SQL is a declarative language over relations. You describe the result; the engine chooses a physical plan. Staff-level SQL requires being fluent in both layers.

The most important question:

One row represents what?

That is the grain. A primary key or natural key is only meaningful relative to a grain.

TablePossible grainCommon trap
ordersone row per orderJoining to items multiplies order rows.
order_itemsone row per order-product lineSumming order total after joining to items double counts.
eventsone row per emitted eventCounting users requires distinct or prior user-grain collapse.
feature_snapshotsone row per entity-feature-timePivoting features can duplicate entity rows if snapshot time is not fixed.

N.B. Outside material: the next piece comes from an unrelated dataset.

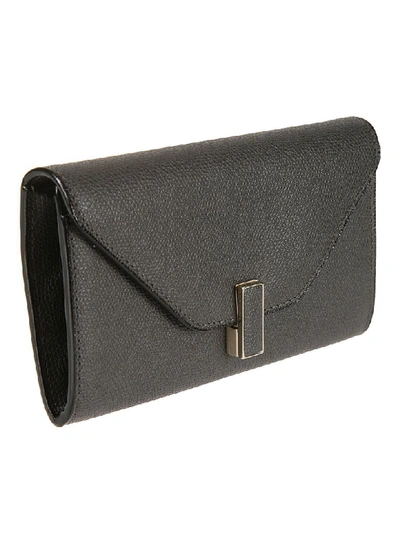 Shop Valextra Foldover Top Wallet In London Smoke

SQL query results are usually bags: duplicates are preserved unless you remove them.

SELECT customer_id
FROM orders;

This returns one row per order, not one row per customer. Use DISTINCT only when that is the intended semantic operation, not as a bandage over a bad join.

If order_id -> customer_id, each order_id has exactly one customer_id. Optimizers may exploit these dependencies when constraints are declared, and humans should use them to reason about joins.

Interview phrase:

I want to establish whether this is a many-to-one dimensional join or whether it can fan out. If it can fan out, I will pre-aggregate or deduplicate before joining.

Join shapeResult risk
one-to-oneLow, but still check missing rows.
many-to-oneUsually safe for enrichment.
one-to-manySafe only if row multiplication is intended.
many-to-manyHigh risk; often needs bridge-table logic or pre-aggregation.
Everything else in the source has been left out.